• **Your task**:
Please copy the lines below, exactly as they are, from the one with "240 阿迪达斯Knit Runer" through the one with "Edition Embroidered Hoodie", and leave out the pictures.

• **Data records**:
%%

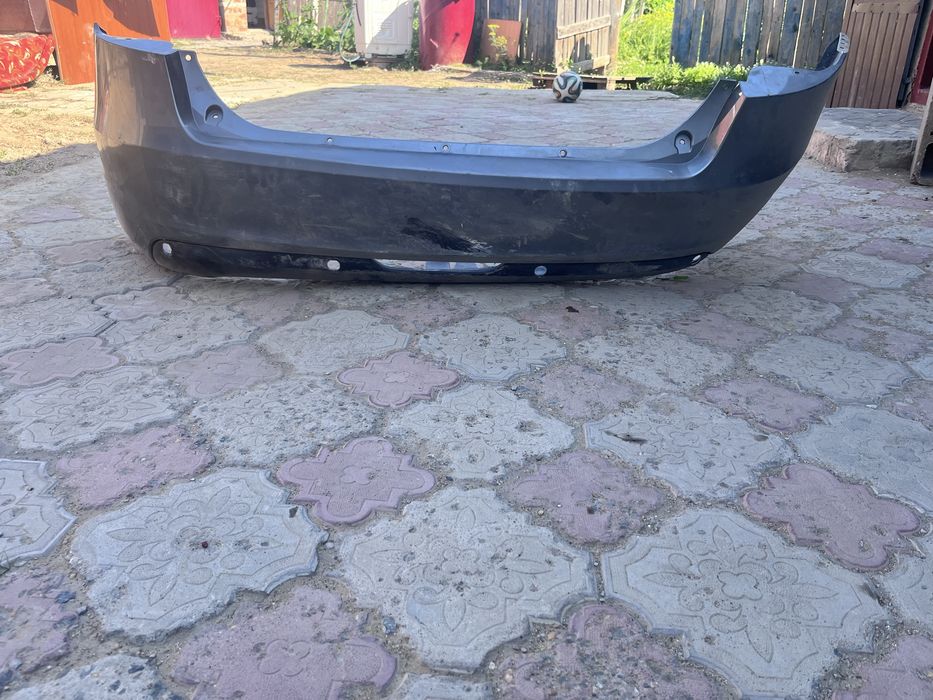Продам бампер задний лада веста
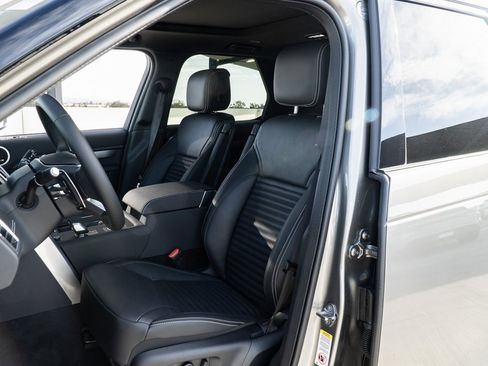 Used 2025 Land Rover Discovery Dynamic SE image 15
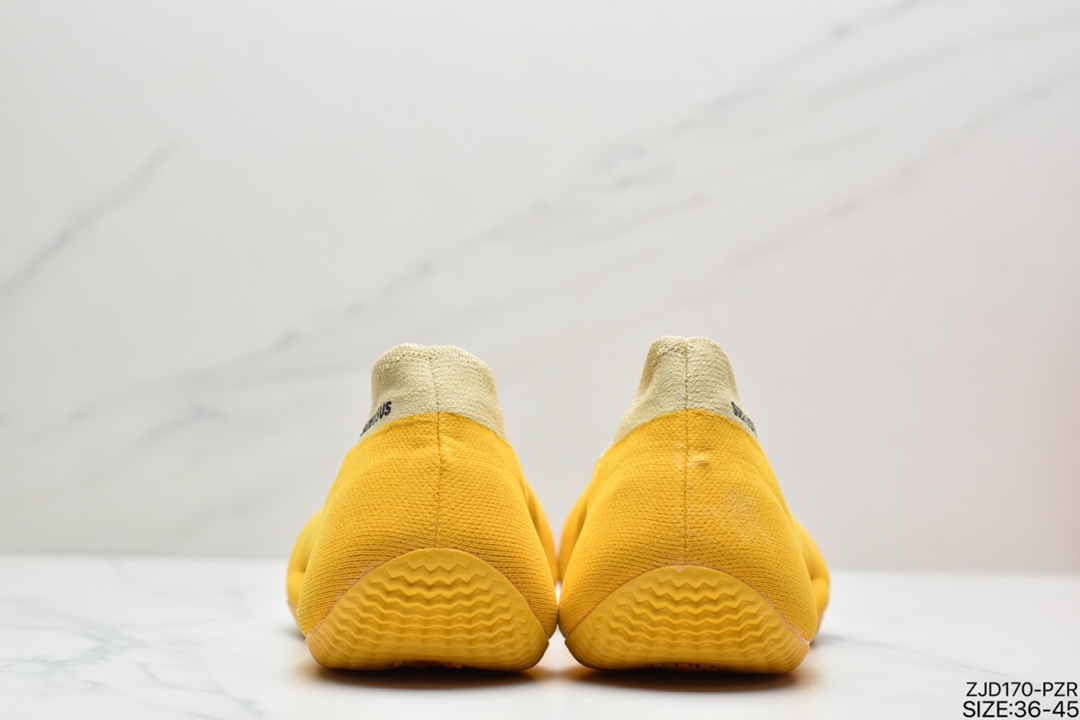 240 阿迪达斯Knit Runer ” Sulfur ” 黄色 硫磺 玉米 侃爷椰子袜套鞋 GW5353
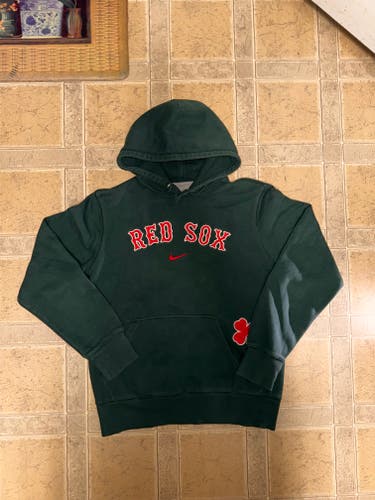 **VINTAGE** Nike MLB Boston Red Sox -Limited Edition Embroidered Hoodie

%%
%%

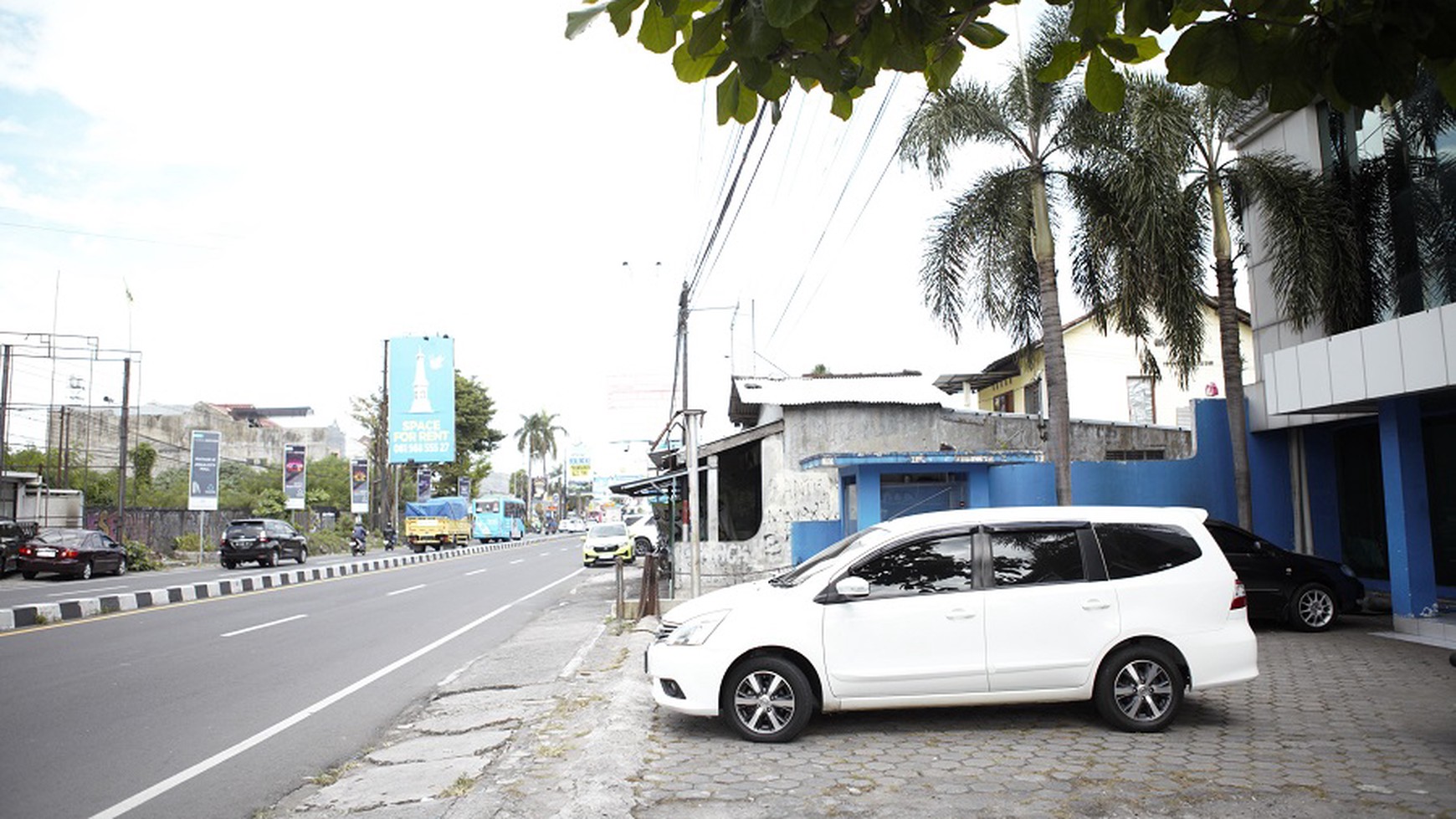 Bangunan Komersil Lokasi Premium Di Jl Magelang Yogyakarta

%%

• **Written solution**:
 240 阿迪达斯Knit Runer ” Sulfur ” 黄色 硫磺 玉米 侃爷椰子袜套鞋 GW5353
 **VINTAGE** Nike MLB Boston Red Sox -Limited Edition Embroidered Hoodie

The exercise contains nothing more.